§ The task:
Please reproduce exactly, and only, the line containing "Foto van Het darwin dilemma" and every line after it to the end of the records below, leaving out all pictures.
- - -
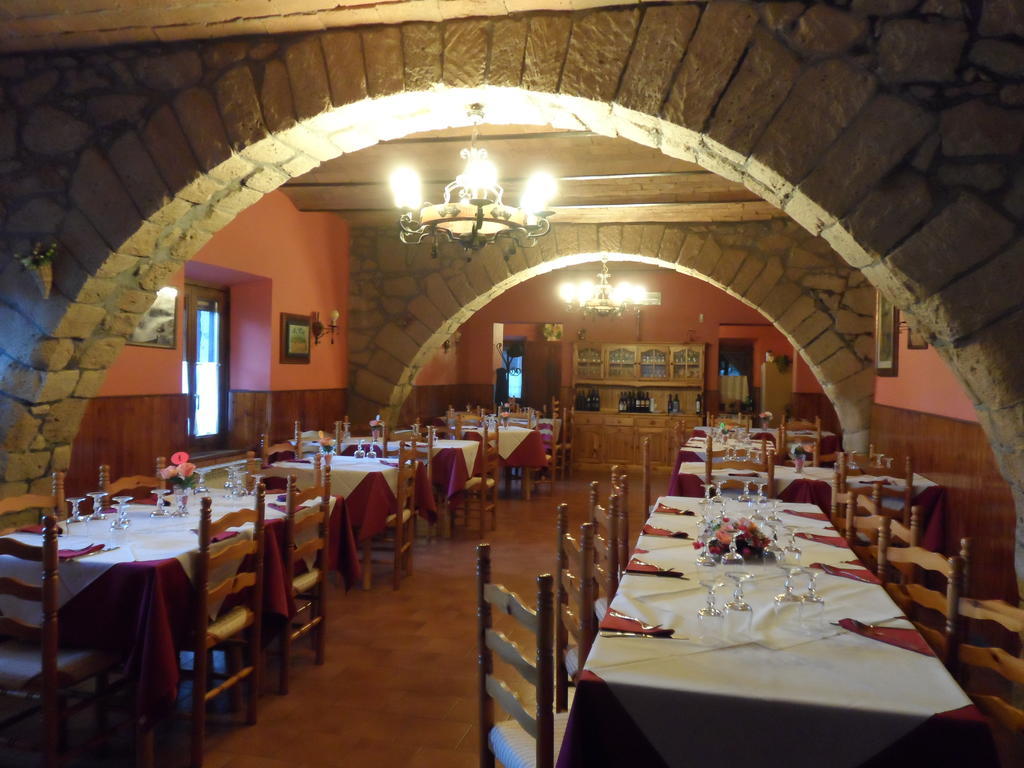 Mola Solis Hotel Civitella dʼAgliano Esterno foto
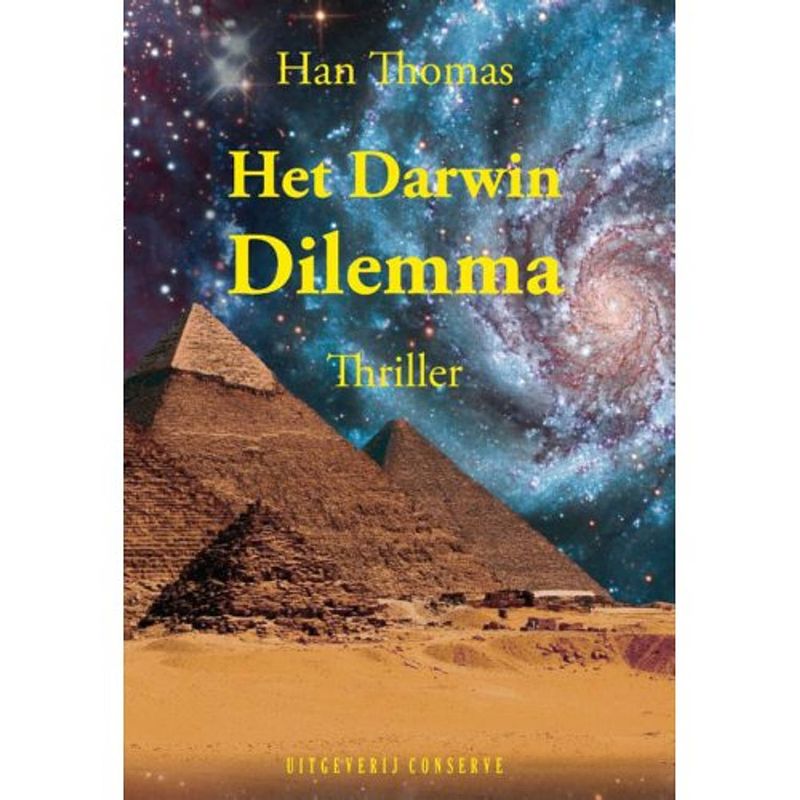 Foto van Het darwin dilemma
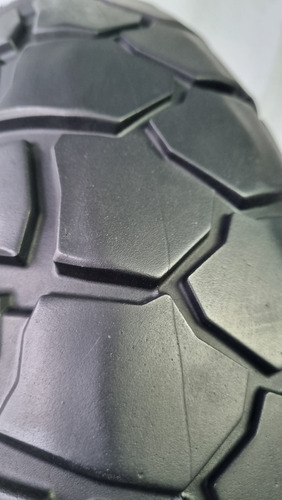 Pneu Traseiro Michelin Anakke Adventure 170/60 17 Original (Usado)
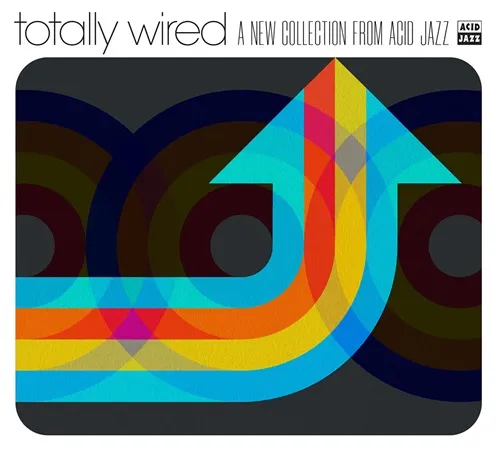 V.A. (TOTALLY WIRED) / TOTALLY WIRED: A NEW COLLECTION FROM ACID JAZZ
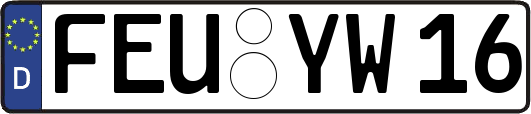 FEU-YW16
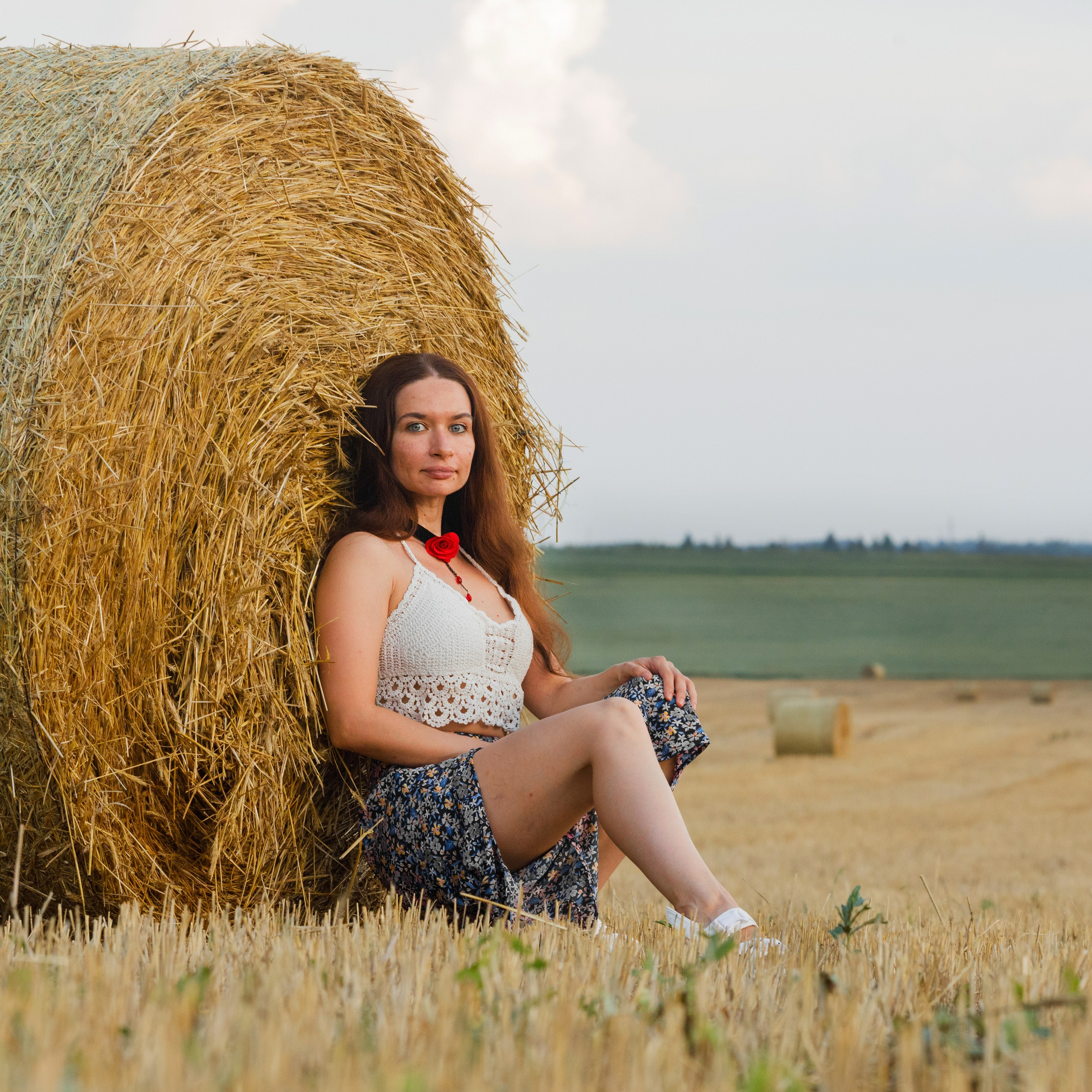 Летняя фотосессия для Кристины. Дима Никитин свадебный и семейный фотограф в Ижевске и Удмуртии с 2007 года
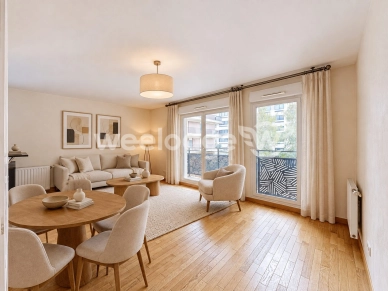 Appartement à vendre 4 pièces de 80 m² à Vélizy-Villacoublay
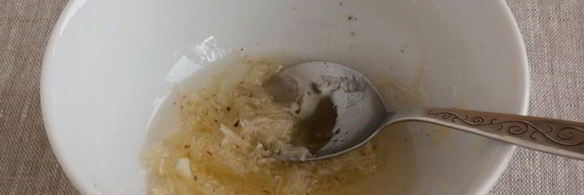 рисовая запеканка летний цветок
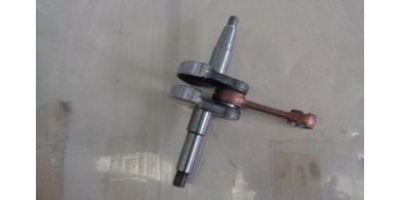 Коленвал в сборе с шатуном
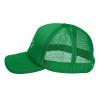 Bonsai Tree Hat Funny Gift Baseball Cap for Men Women Trucker Green view 3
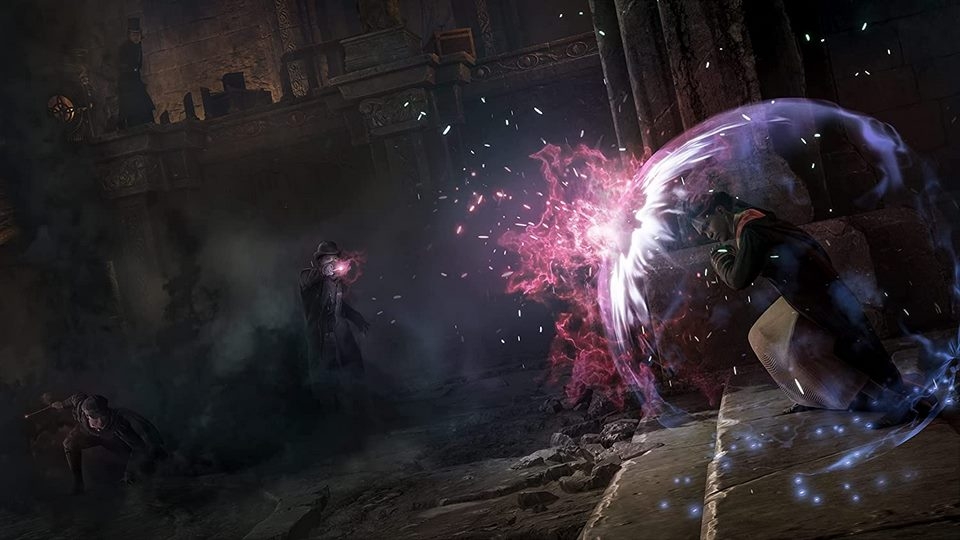 Cấu hình chi tiết để trải nghiệm Hogwarts Legacy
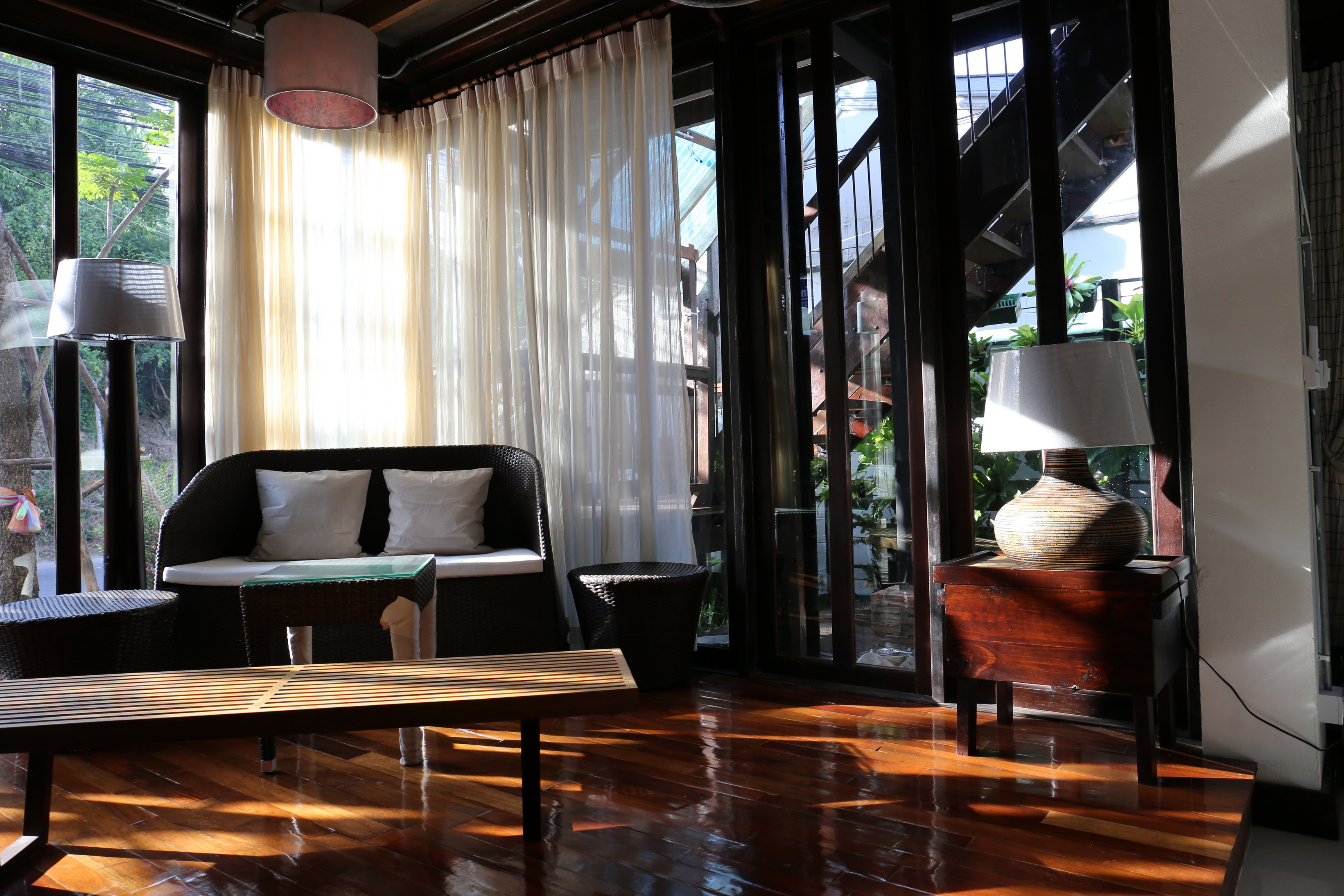 Kamphaeng Ngam Hotel by null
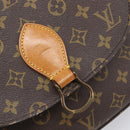LOUIS VUITTON Monogram Saint Cloud GM Shoulder Bag M51242 LV Auth ki6795-19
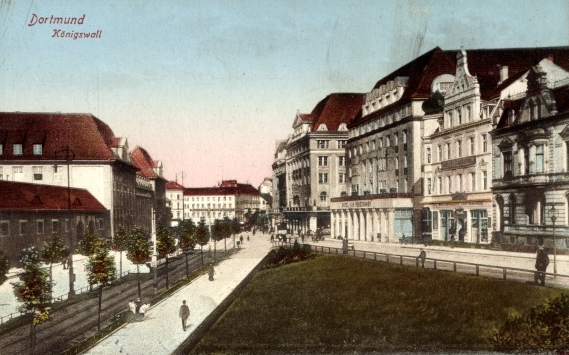 Dortmund Königswall 1921.png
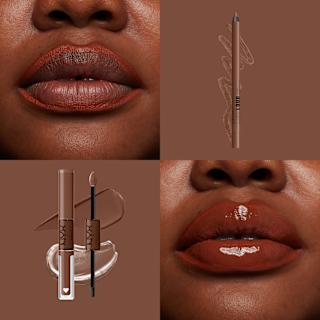 Lipliner Line Loud 07 Total Baller  NYX PROFESSIONAL MAKEUP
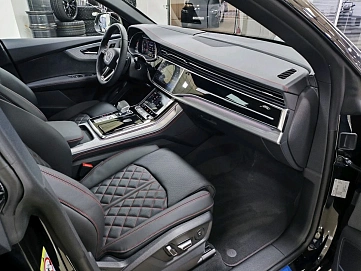 Audi Q8, 2025г, полный привод, автомат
- - -
§ Answer space:
 Foto van Het darwin dilemma
 Pneu Traseiro Michelin Anakke Adventure 170/60 17 Original (Usado)
 V.A. (TOTALLY WIRED) / TOTALLY WIRED: A NEW COLLECTION FROM ACID JAZZ
 FEU-YW16
 Летняя фотосессия для Кристины. Дима Никитин свадебный и семейный фотограф в Ижевске и Удмуртии с 2007 года
 Appartement à vendre 4 pièces de 80 m² à Vélizy-Villacoublay
 рисовая запеканка летний цветок
 Коленвал в сборе с шатуном
 Bonsai Tree Hat Funny Gift Baseball Cap for Men Women Trucker Green view 3
 Cấu hình chi tiết để trải nghiệm Hogwarts Legacy
 Kamphaeng Ngam Hotel by null
LOUIS VUITTON Monogram Saint Cloud GM Shoulder Bag M51242 LV Auth ki6795-19
 Dortmund Königswall 1921.png
 Lipliner Line Loud 07 Total Baller  NYX PROFESSIONAL MAKEUP
 Audi Q8, 2025г, полный привод, автомат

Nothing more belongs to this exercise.